WORK REQUEST
The entries below contain pictures. Write out only the lines from the line with "THIS FISH IS" up to and including the line with "fur, home, sleepy", exactly, without them.

....................

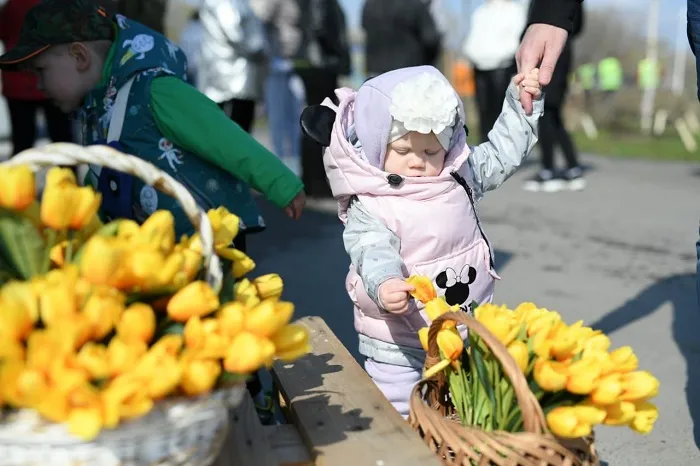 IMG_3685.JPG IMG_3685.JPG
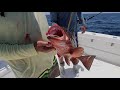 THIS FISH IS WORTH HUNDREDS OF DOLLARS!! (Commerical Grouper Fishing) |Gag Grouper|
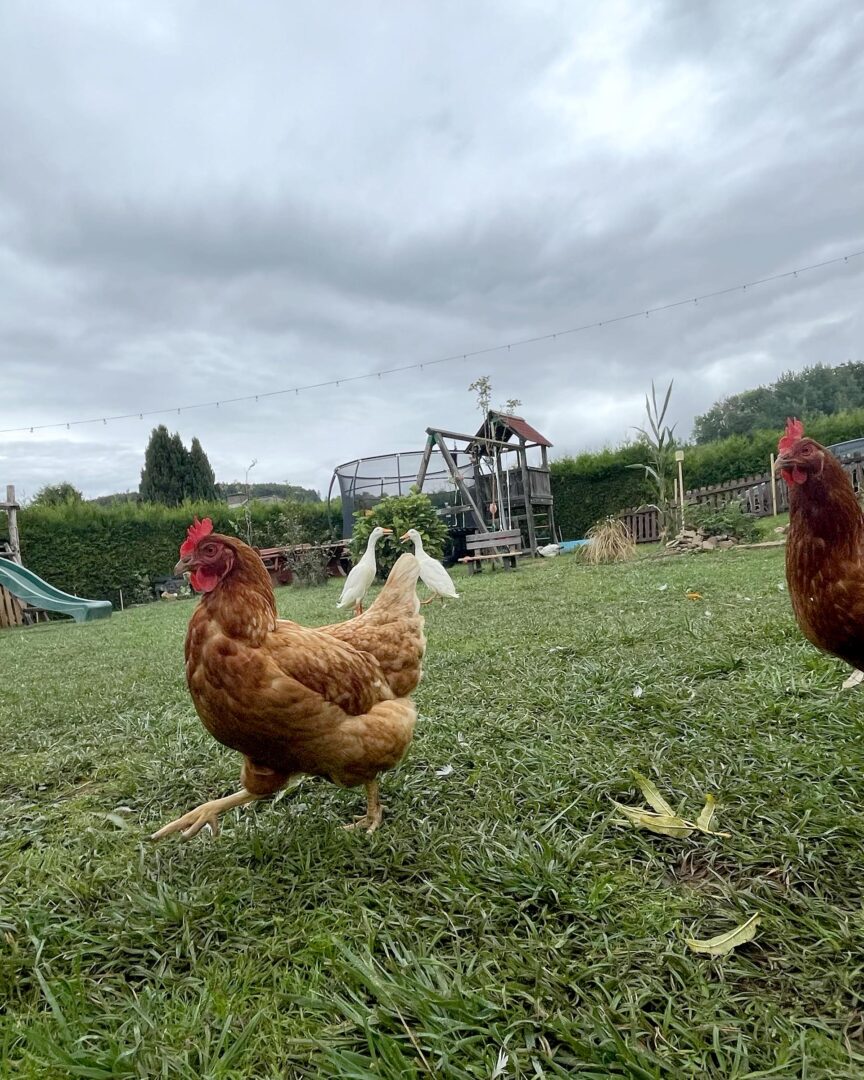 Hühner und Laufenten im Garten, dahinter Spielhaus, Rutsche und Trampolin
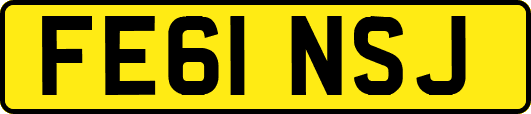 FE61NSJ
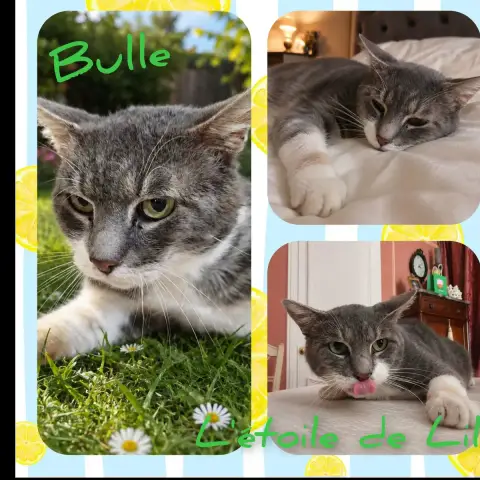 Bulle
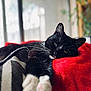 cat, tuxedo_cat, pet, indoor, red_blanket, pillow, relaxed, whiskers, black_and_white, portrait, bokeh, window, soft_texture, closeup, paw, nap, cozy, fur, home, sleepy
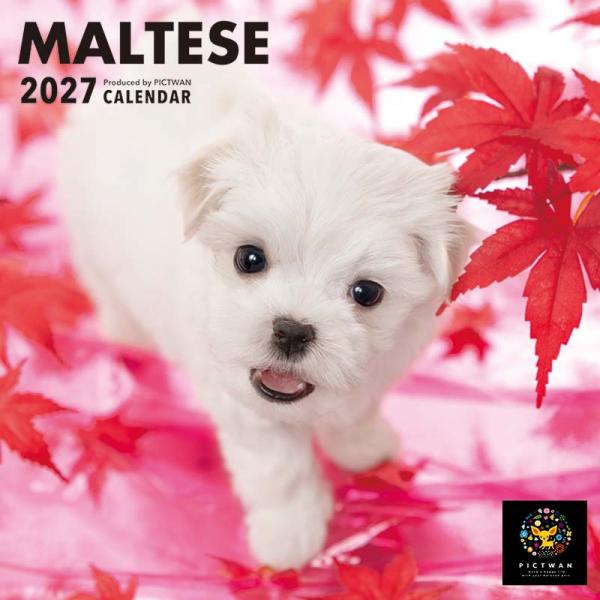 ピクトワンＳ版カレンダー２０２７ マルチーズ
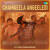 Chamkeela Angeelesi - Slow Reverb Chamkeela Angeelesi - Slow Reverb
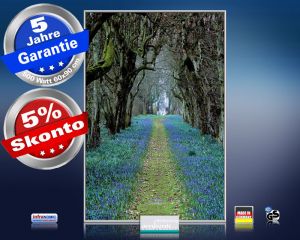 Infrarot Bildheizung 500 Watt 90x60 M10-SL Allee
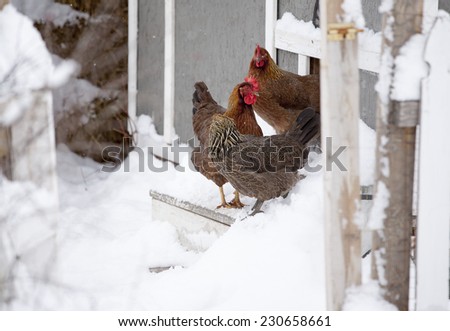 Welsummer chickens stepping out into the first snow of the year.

....................

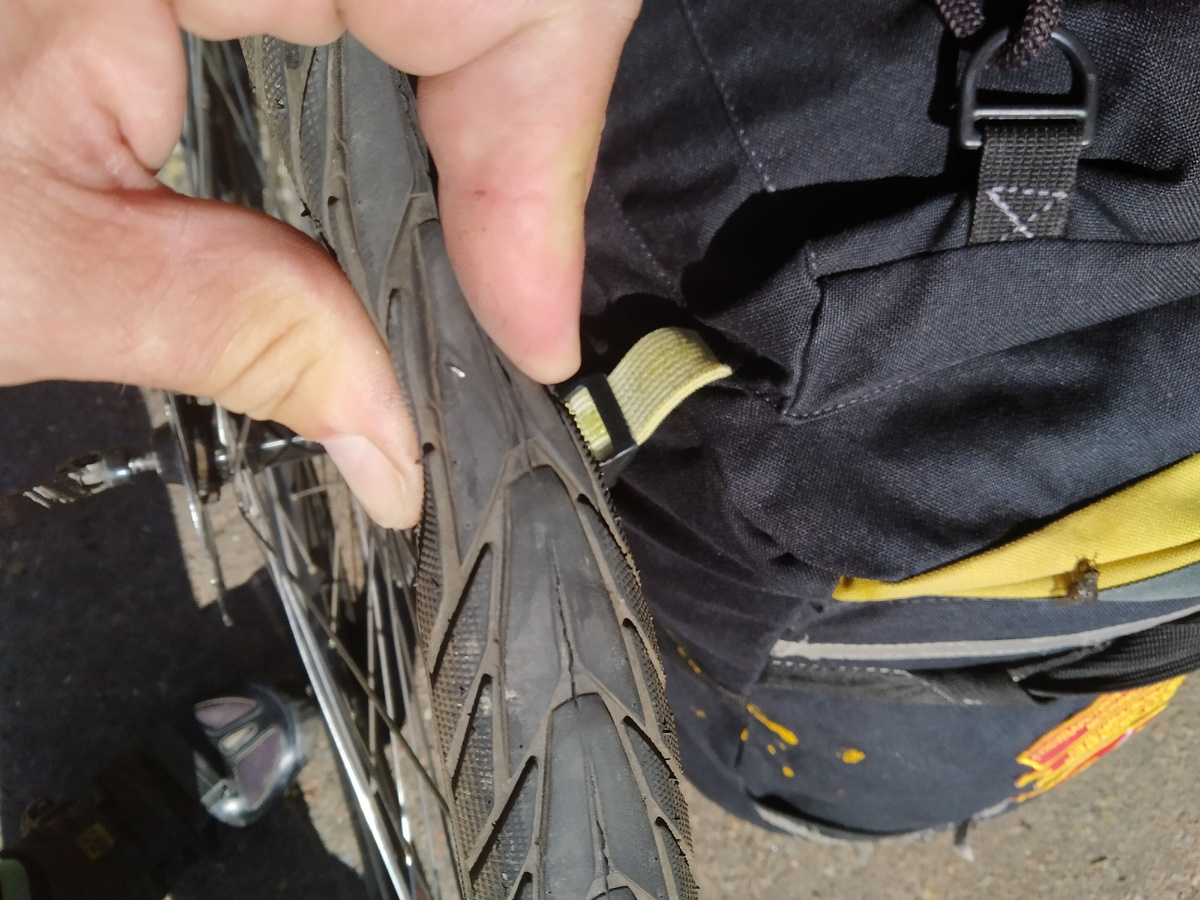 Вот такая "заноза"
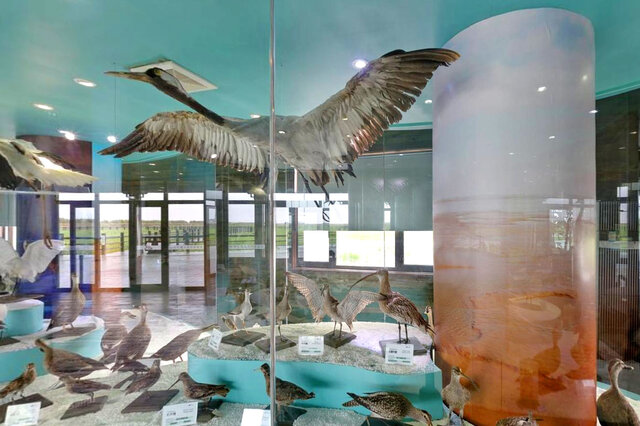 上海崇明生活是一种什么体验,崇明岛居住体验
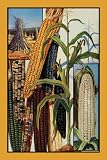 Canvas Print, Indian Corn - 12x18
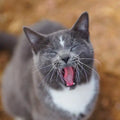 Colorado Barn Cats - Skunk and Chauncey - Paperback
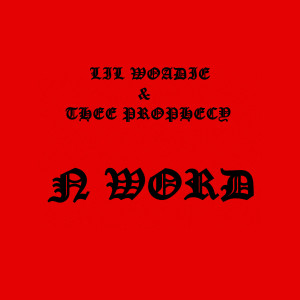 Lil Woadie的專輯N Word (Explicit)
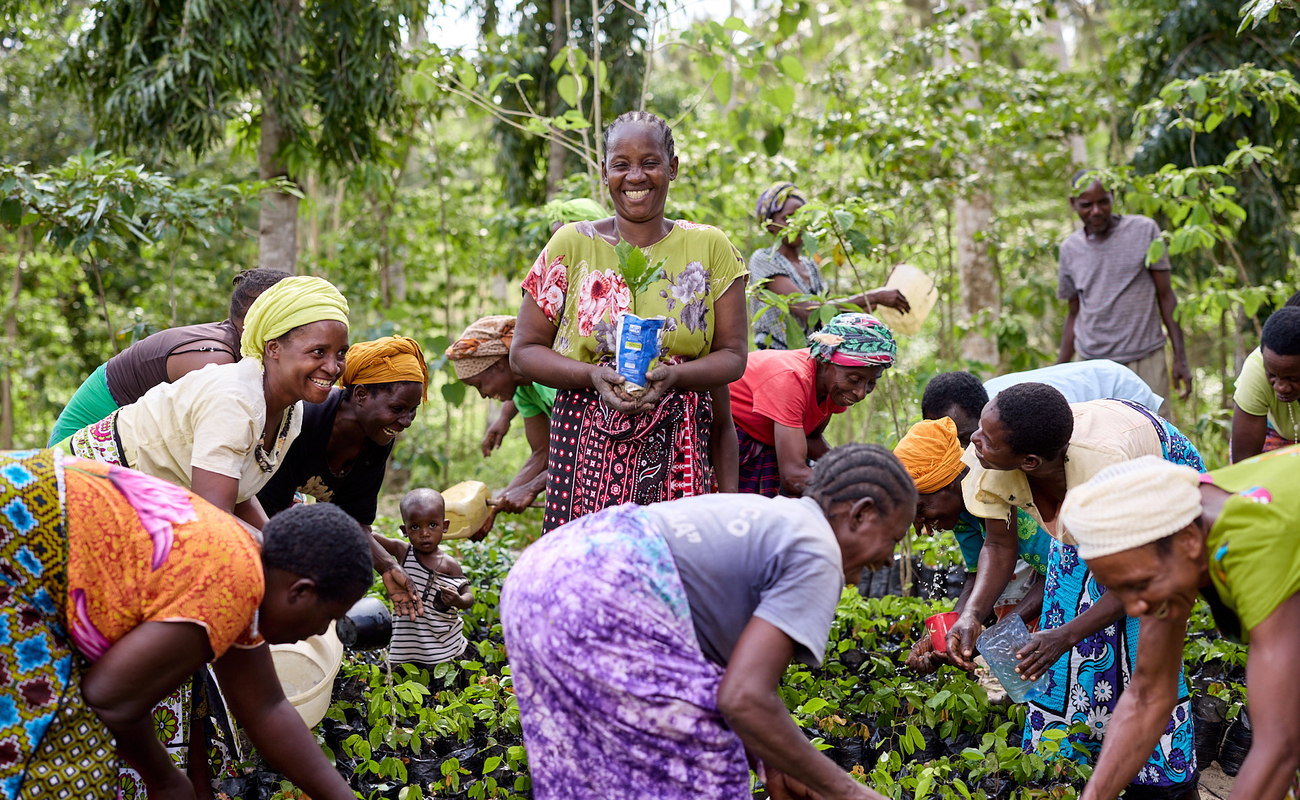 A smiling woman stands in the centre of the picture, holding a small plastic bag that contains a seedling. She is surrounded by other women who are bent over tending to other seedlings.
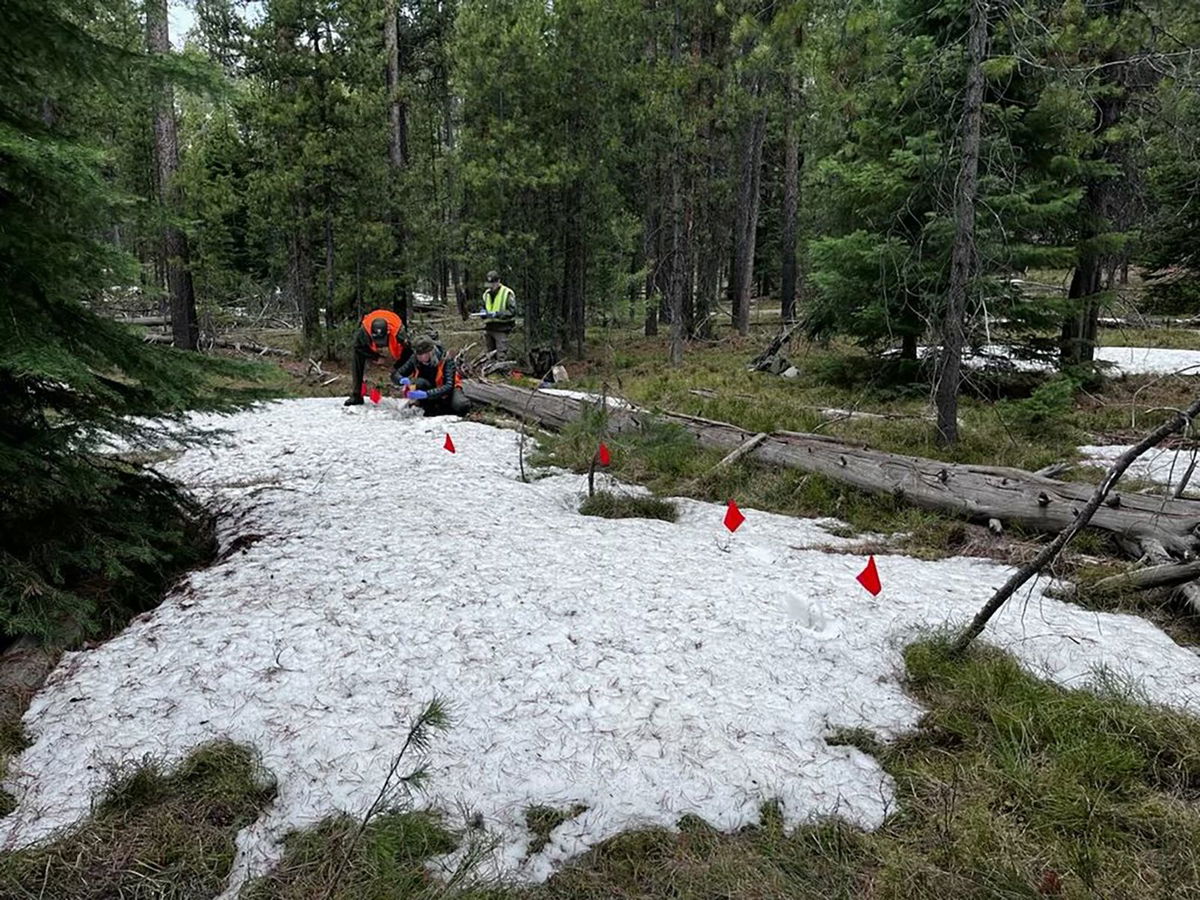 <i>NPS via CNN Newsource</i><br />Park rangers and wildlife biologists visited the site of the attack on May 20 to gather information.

....................

SOLUTION TO THIS EXERCISE
 THIS FISH IS WORTH HUNDREDS OF DOLLARS!! (Commerical Grouper Fishing) |Gag Grouper|
 Hühner und Laufenten im Garten, dahinter Spielhaus, Rutsche und Trampolin
 FE61NSJ
 Bulle
 cat, tuxedo_cat, pet, indoor, red_blanket, pillow, relaxed, whiskers, black_and_white, portrait, bokeh, window, soft_texture, closeup, paw, nap, cozy, fur, home, sleepy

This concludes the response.